ASSIGNMENT
Write out exactly, with both ends included, the lines that run from the line containing "微信阅读7.0,每天3分钟,0成本有手就行,日入500+-AIGC资源中心" to the end of the entries. Pictures are not part of the answer.

(Captioned web image data)
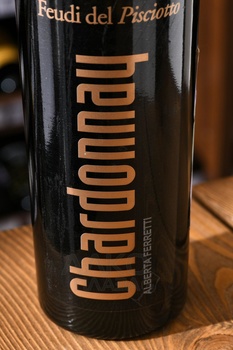 Feudi del Pisciotto Alberta Ferretti Chardonnay - вино Феуди дель Пискиотто Шардоне Альберта Ферретти 0.75 л белое сухое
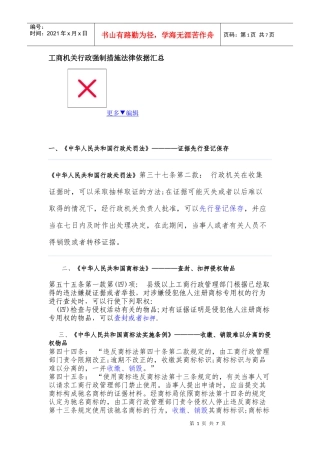 工商机关行政强制措施法律依据汇总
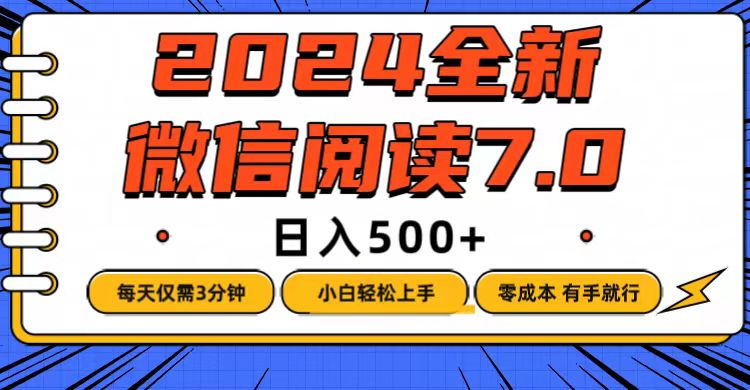 微信阅读7.0,每天3分钟,0成本有手就行,日入500+-AIGC资源中心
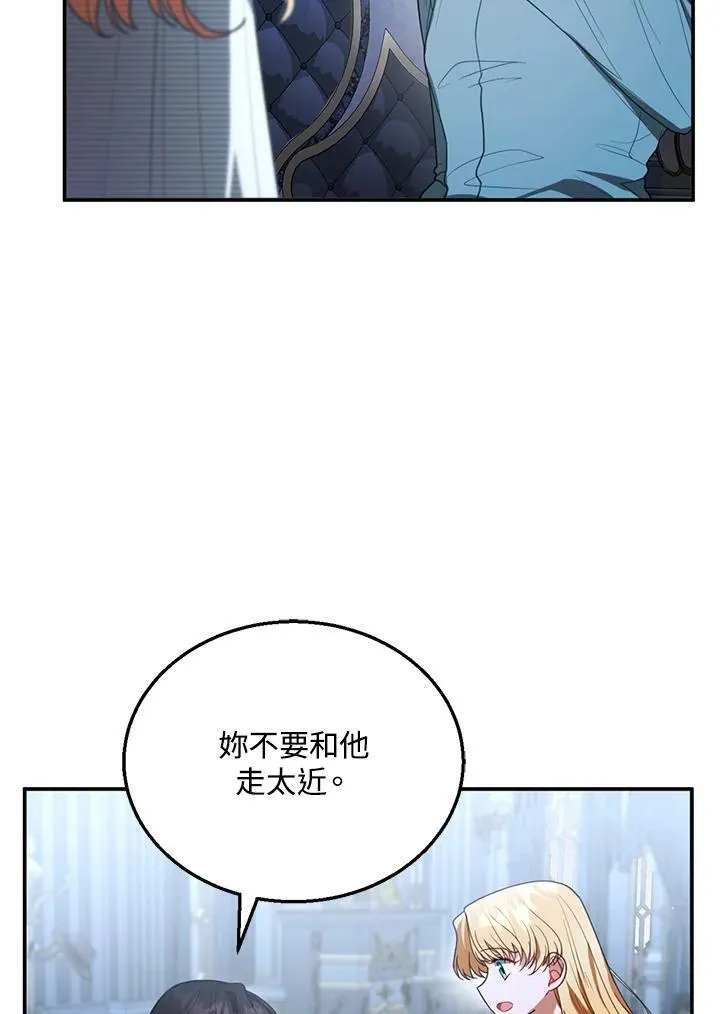 第9话 第107页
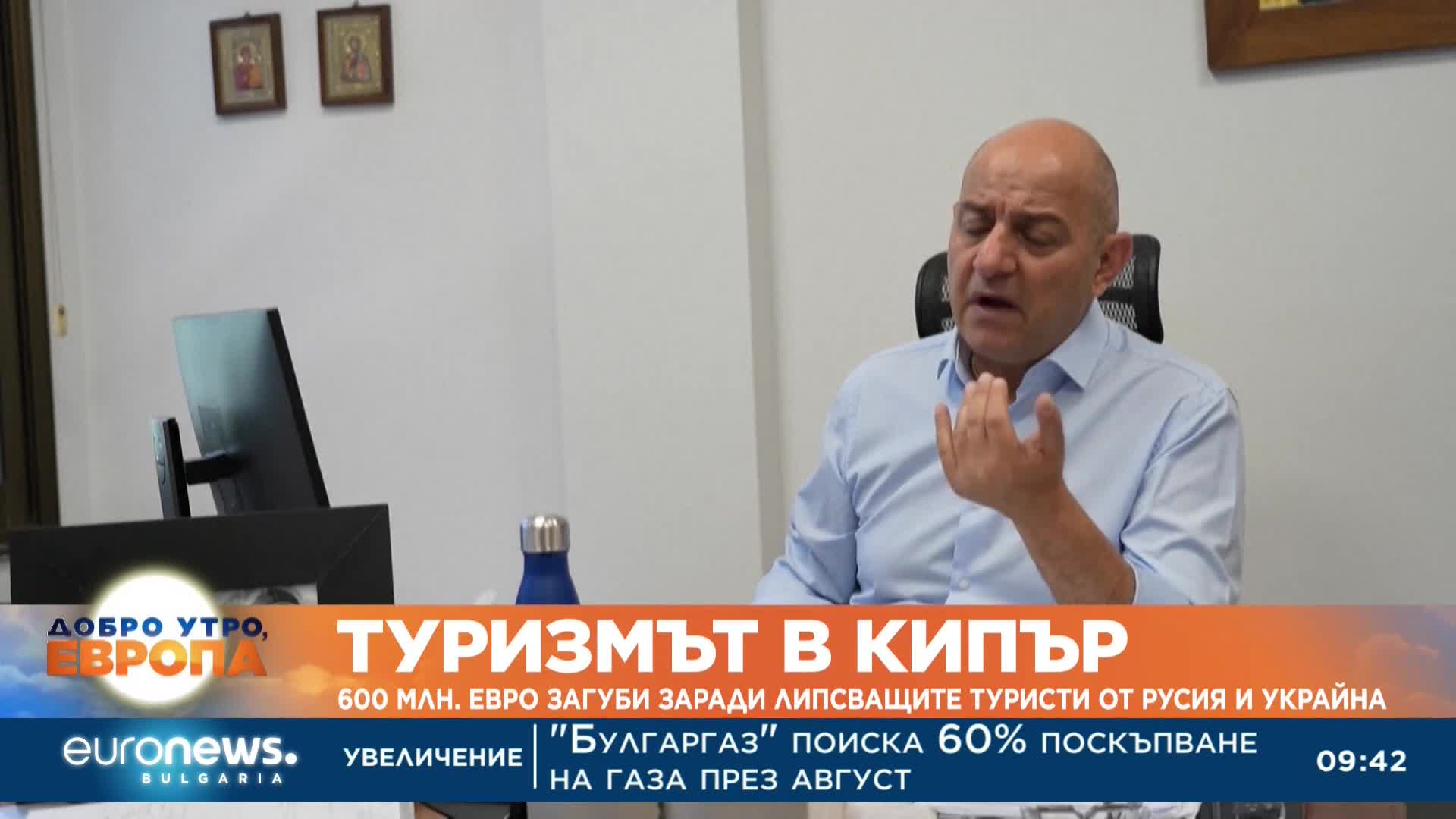 Туризмът в Кипър: 600 млн. евро загуби заради липсващите туристи от Русия и Украйна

SOLUTION
 微信阅读7.0,每天3分钟,0成本有手就行,日入500+-AIGC资源中心
 第9话 第107页
 Туризмът в Кипър: 600 млн. евро загуби заради липсващите туристи от Русия и Украйна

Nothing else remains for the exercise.